Its versatility has lead it to multiple and various platforms

Jon Peddie

The original use and development for the GPU was to accelerate 3D games and rendering. The acceleration of the game’s 3D models involved geometry processing, matrix math, and sorting. Rendering involved polishing pixels and hiding some of them. Two distinctive, non-complimentary tasks, but both served admirably by a high-speed parallel processor configured as a SIMD — same instruction, multiple data, architecture. The processors were used in shading applications and became known as Shaders.
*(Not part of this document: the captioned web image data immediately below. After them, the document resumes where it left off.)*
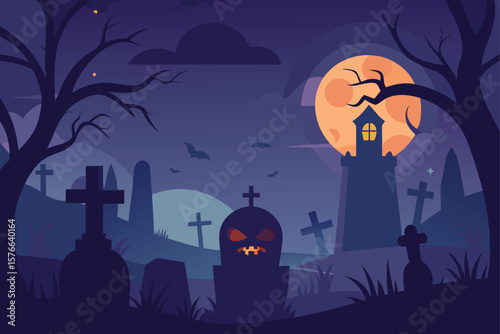 spooky graveyard at dusk with crooked tombstones .eps
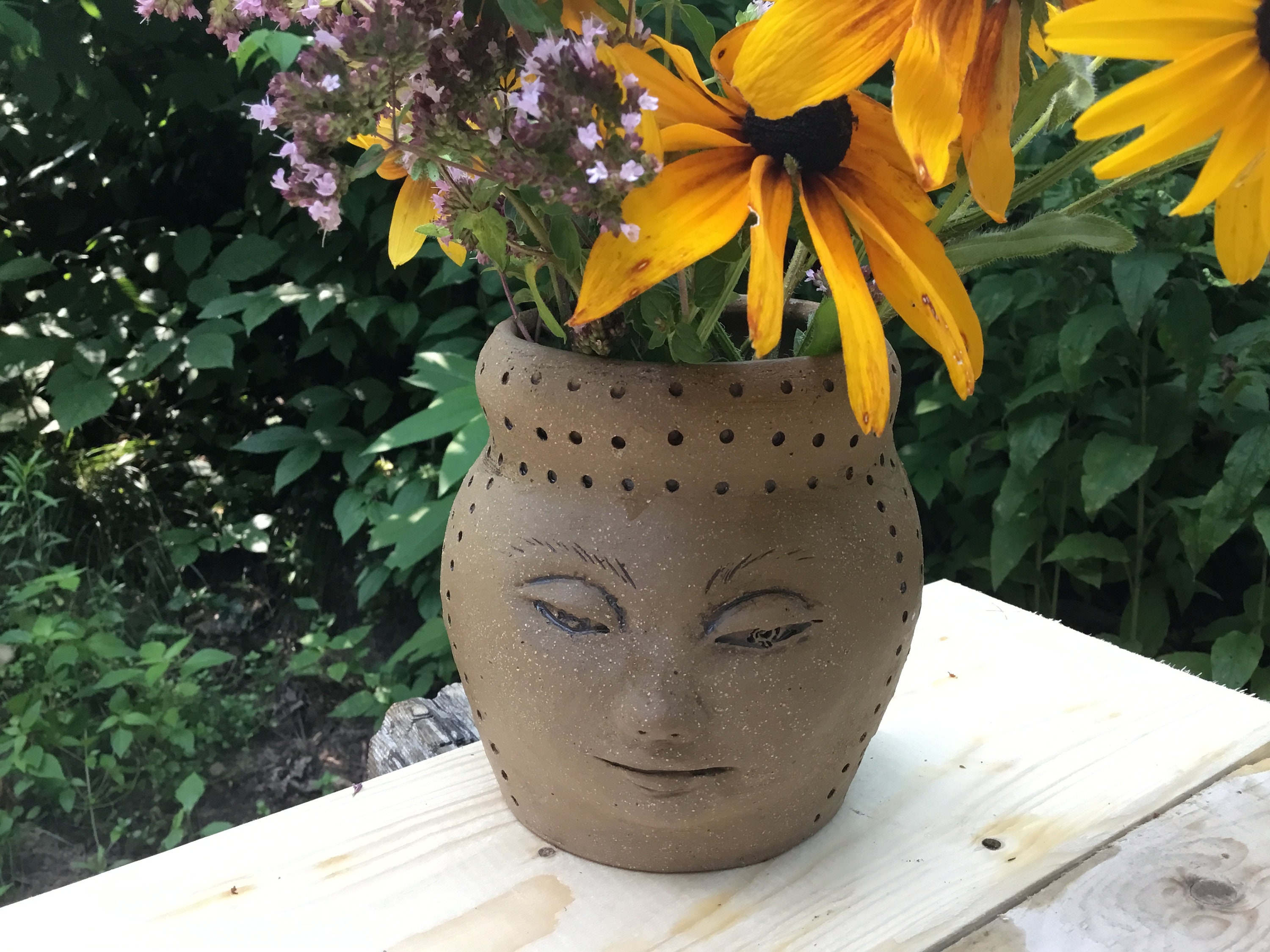 Pottery Head Vase Light Brown Head Sculpture Pottery Vase Etsy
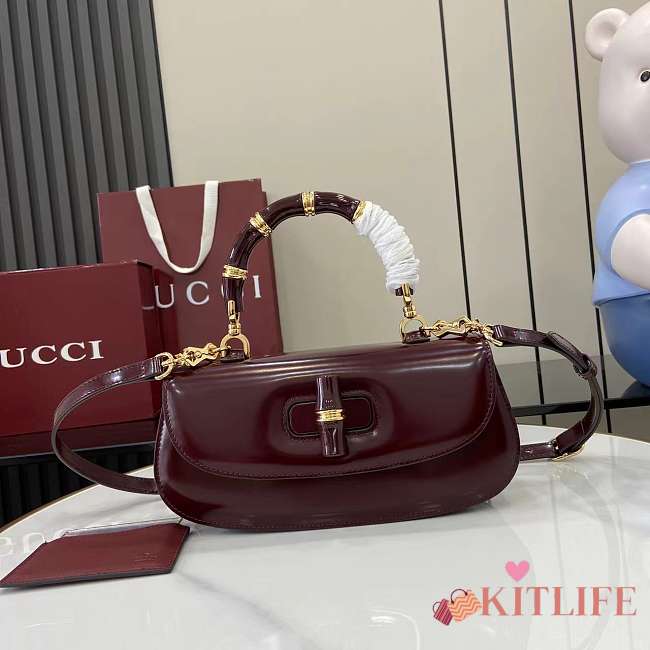 Kitlife Gucci Bamboo Diva Medium Bag Burgundy 827750 26.6x13x8cm - 1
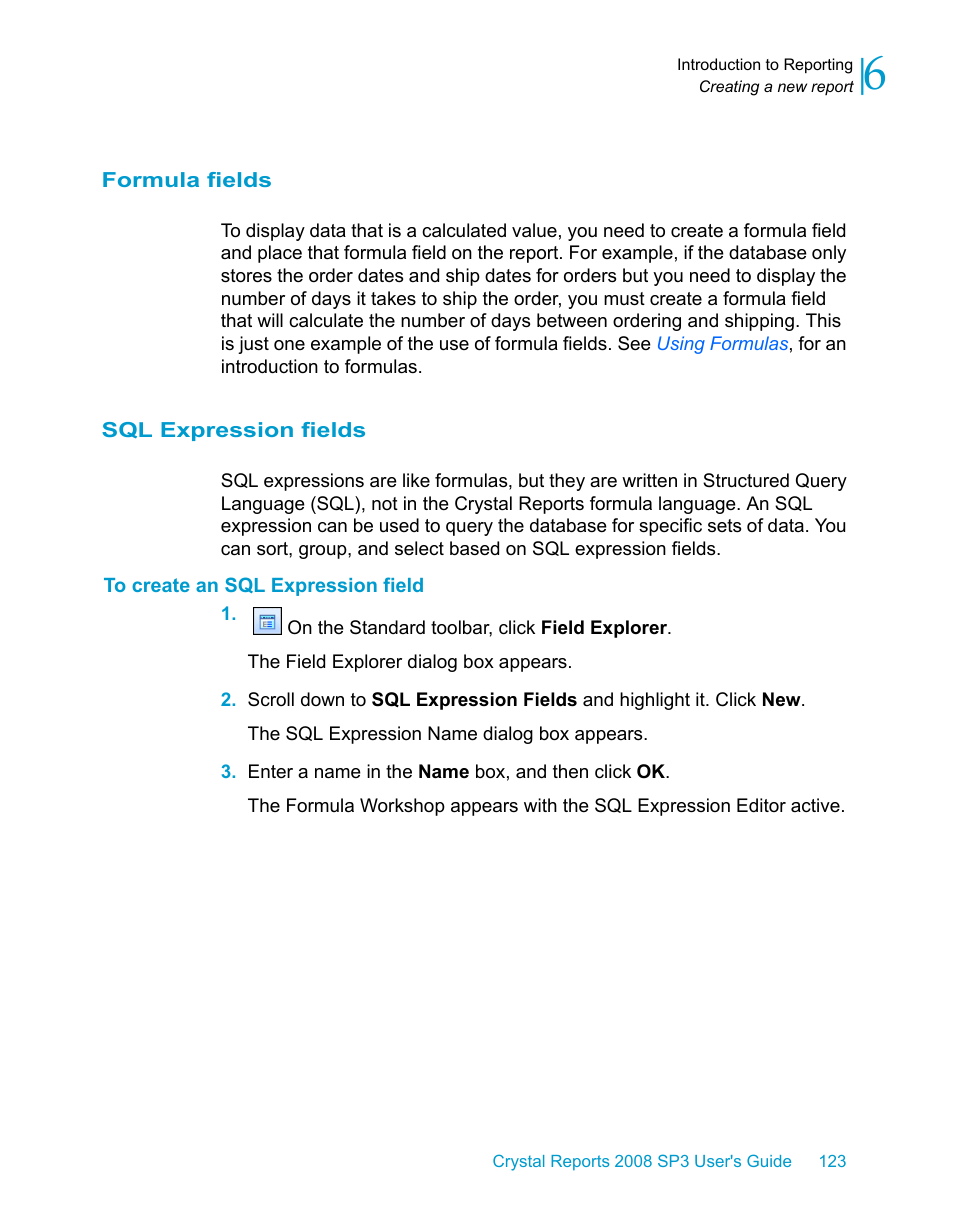 Formula fields, Sql expression fields, To create an sql expression field | HP Intelligent Management Center Standard Software Platform User Manual | Page 123 / 814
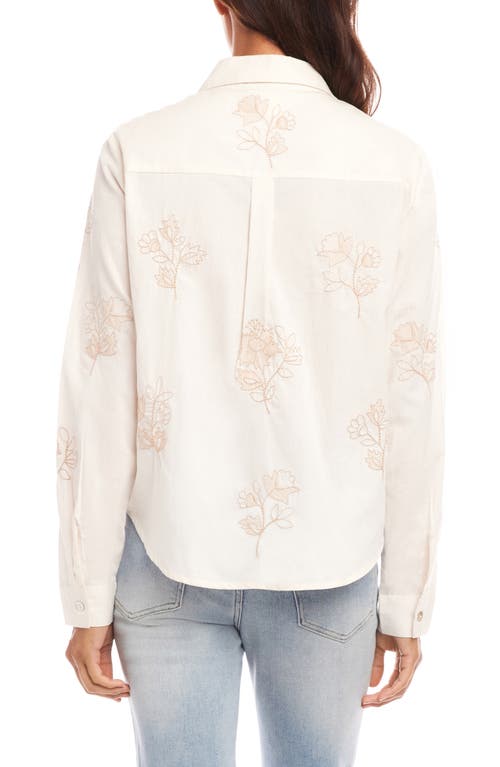 Karen Kane Floral Embroidery Button-up Shirt In Cream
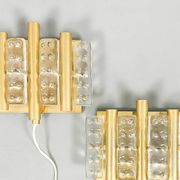 HANS-AGNE JAKOBSSON. Pair of wall lights, glass/brass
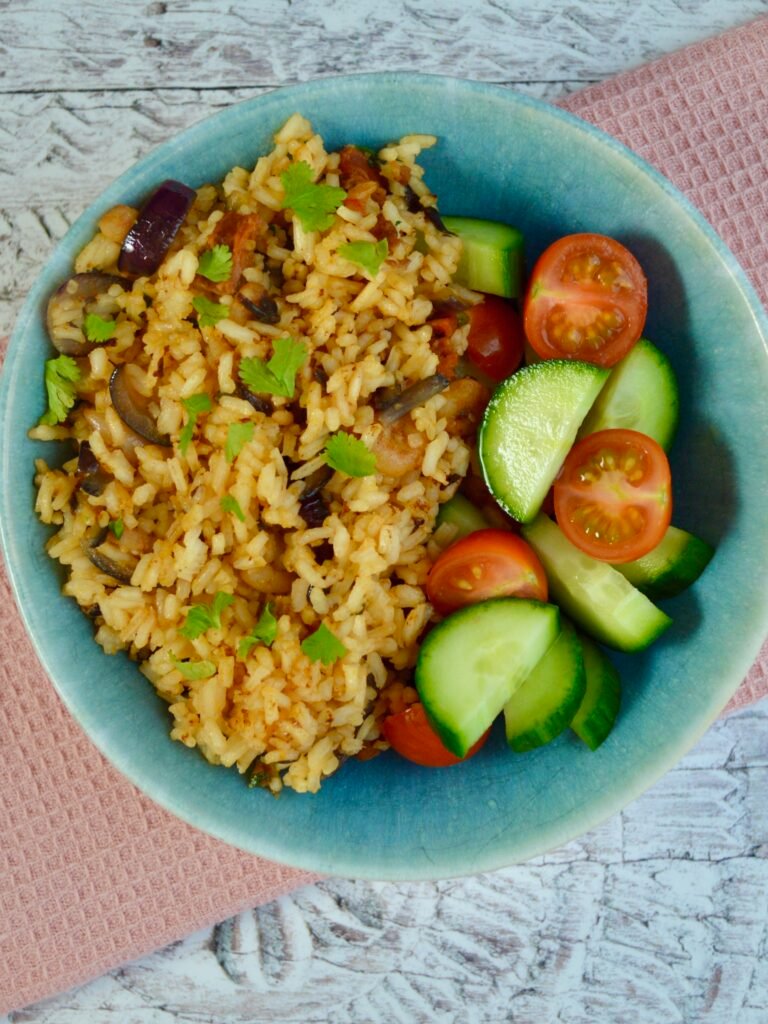 prawn chorizo rice bowl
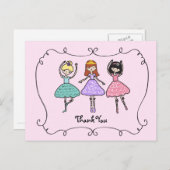 Balletballerina's bedankt briefkaart (Voorkant / Achterkant)
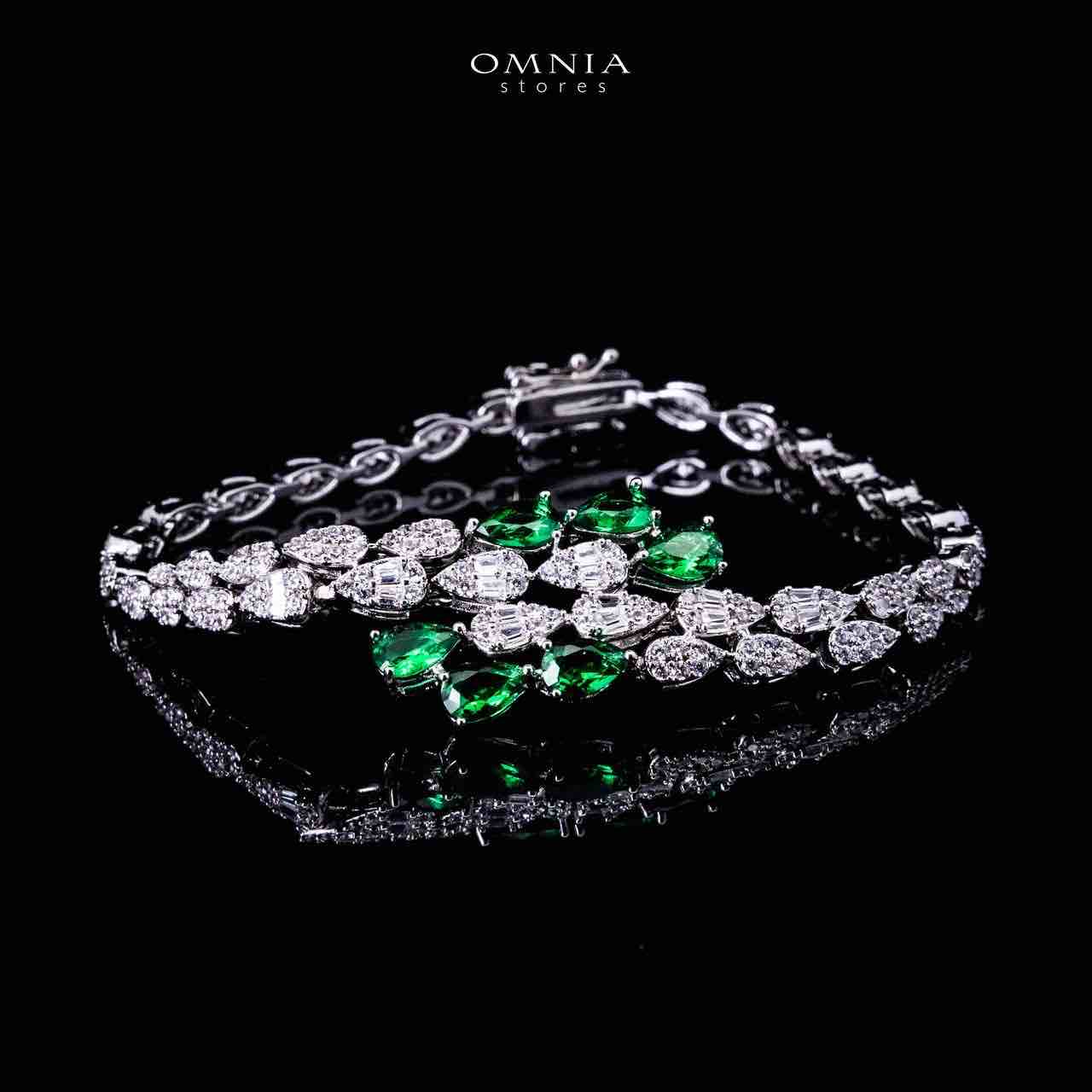 Omnia Senna Luxury Bridal Green Full Set in High Quality Zircon Stone Rhodium Plated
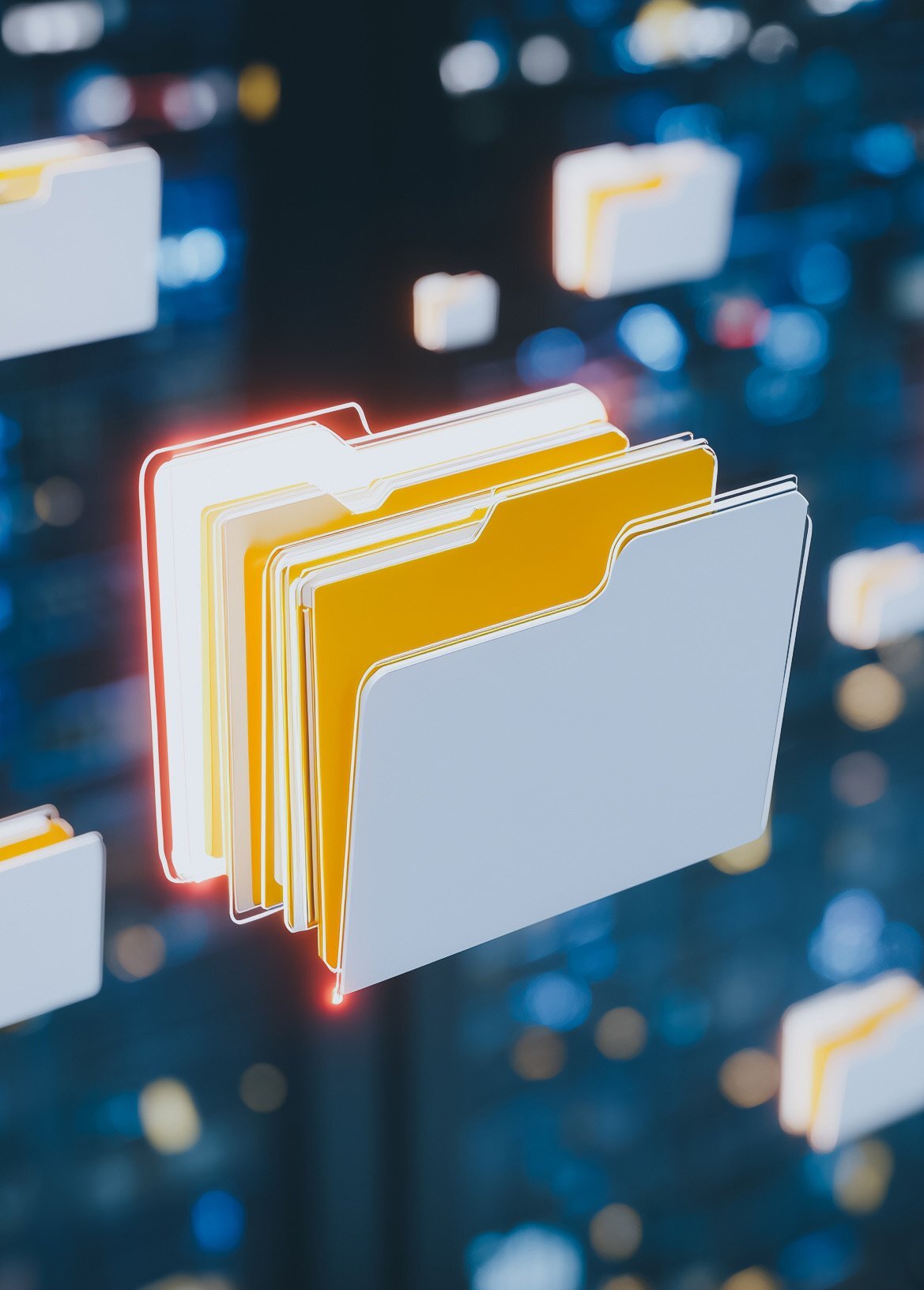 A collection of digital folders, glowing with neon outlines, floating against a blurred background of data and lights.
Those early GPUs were applied to graphics add-in boards (AIBs) and served their users very well.

It didn’t take long for the mass-produced GPU, which enjoyed the same economy of scale as the ubiquitous x86 processor, to be recognized as a highly cost-effective processor with massive compute-density. As such it was applied as a compute accelerator, and other than an awkward programming interface that only a coder could love, it exceeded the expectations of the users, and the suppliers. GPUs ultimately found their way into the top 10 of the 500 supercomputers, year after year.

GPUs were also applied to image-processing workloads in high-end, ultra-high-resolution cameras, robotic cameras, and cameras in smartphones. That then lead to the application of GPUs in machine learning and AI, both for training and inference.

And it didn’t stop there. GPUs were placed in servers in the datacenter for bursty projects like film rendering as a service from the merchant cloud providers, which led to the idea of making a remote GPU a virtual GPU bringing the power of a big (and usually expensive) GPUs to users who only needed that power occasionally, or a user that just didn’t have the budget or space for a powerful local GPU.

GPUs then found their way into the x86 CPU, as well as ARM-based SoCs, in the form of shared memory integrated GPUs.

As laptops became notebooks, thin and light, the space, power, and heat dissipation needed for a powerful GPU became problematic. Experiments were tried, including the high-speed interconnection used by GPUs known as PCIe which was introduced by Intel in 2004, and used for connecting peripherals like AIBs in desktops, but the complexities of cabling, connectors, and line drivers proved to be too expensive and too cumbersome to be effective for thin and light notebooks. 

Then USB-C/Thunderbolt was introduced and changed the equation. Now PCIe signals could be transported across a low-cost high-bandwidth cable and connector making the external AIB/GPU a practical docking option for the thin and light notebooks. 

The GPU has been used in so many configurations, and applications, it has become necessary to use a prefix to designate which type of GPU and application one is referring to and so we have the following:

  • dGPU — the basic, discrete (stand-alone) processor that always had its own private high-speed (GDDR) memory. dGPUs are applied to AIBs and system boards in notebooks.
  • iGPU — a scaled down version, with fewer shaders (processors) than a discrete GPU which uses shared local RAM (DDR) with the CPU.
  • vGPU— an AIB with a powerful dGPU located remotely in the cloud or a campus server.
  • eGPU — an AIB with a dGPU located in a stand-alone cabinet (typically called a breadbox) and used as an external booster and docking station for a notebook
  • Schematically, the various GPUs look like the following diagram.

 

 

GPUs are in PCs, in the form of dGPUs and iGPUs and often both are present in a PC at the same time.

GPUs are in smartphones and tablets as part of a Soc.

GPUs are in today’s modern game consoles and are being integrated into automobiles for entertainment systems, customizable dashboards, and the exciting world of autonomous driving.

GPUs power supercomputers, servers, cameras, scientific instruments, airplane and ship cockpits, robots, TVs, digital cinema projectors, visualization, simulation, VR and AR systems, and various toys and home security devices.

And it started because there was a need and demand to have faster, more realistic games. But the GPU market is far from a game, it is a mission-critical, market with high demands, high-stakes, and extraordinary development and advancement exceeding Moore’s law by orders of magnitude.

Look around, how many GPUs do think are in your life? Probably more than you’d imagine.